Return exactly the lines of the records below, starting at the line that contains "Timberland Naočare TLND 1784 091" and ending at the line that contains "obrázek produktu 1 z 5", with both of those lines kept.

== Supplied data ==
******
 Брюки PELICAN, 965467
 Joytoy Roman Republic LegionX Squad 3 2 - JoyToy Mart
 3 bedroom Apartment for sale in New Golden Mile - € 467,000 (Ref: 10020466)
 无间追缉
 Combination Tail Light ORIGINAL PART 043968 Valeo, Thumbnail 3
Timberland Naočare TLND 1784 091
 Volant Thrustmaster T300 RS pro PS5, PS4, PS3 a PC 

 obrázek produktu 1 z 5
******
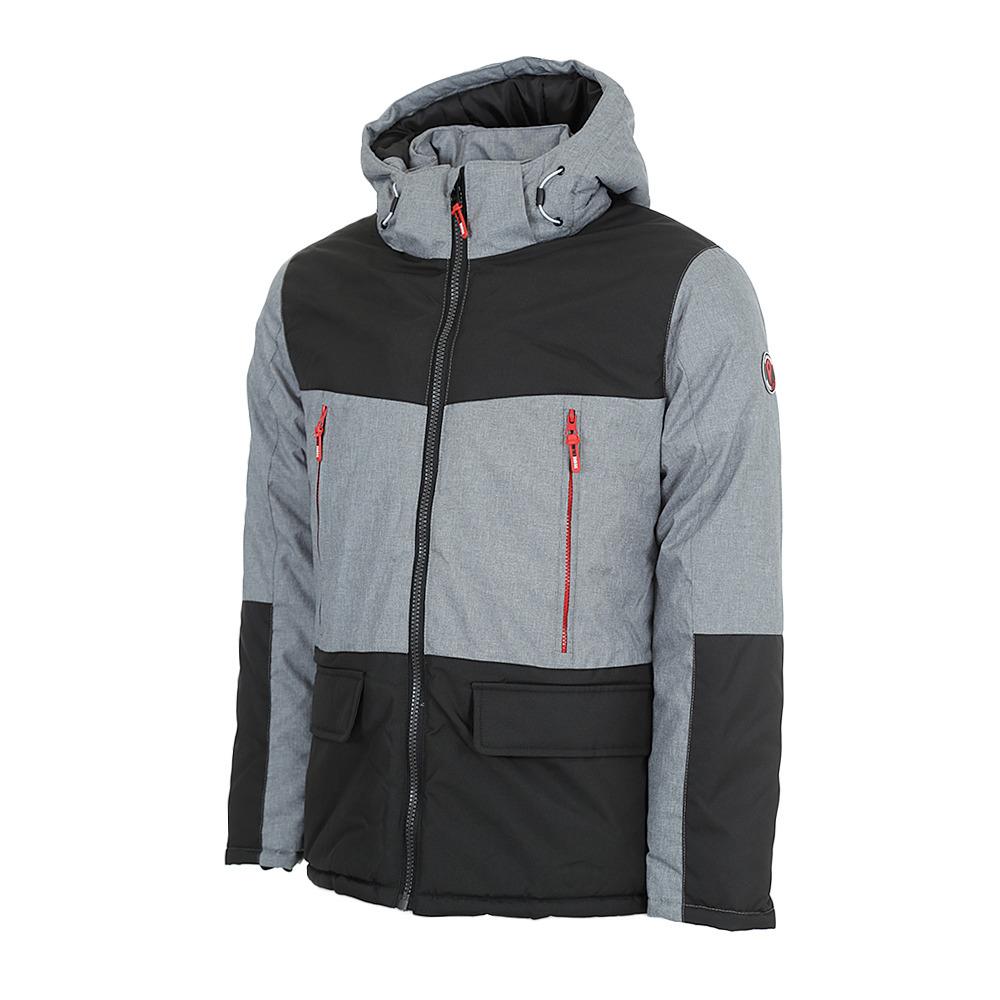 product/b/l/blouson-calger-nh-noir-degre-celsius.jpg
******
== Written reply ==
Timberland Naočare TLND 1784 091
 Volant Thrustmaster T300 RS pro PS5, PS4, PS3 a PC 

 obrázek produktu 1 z 5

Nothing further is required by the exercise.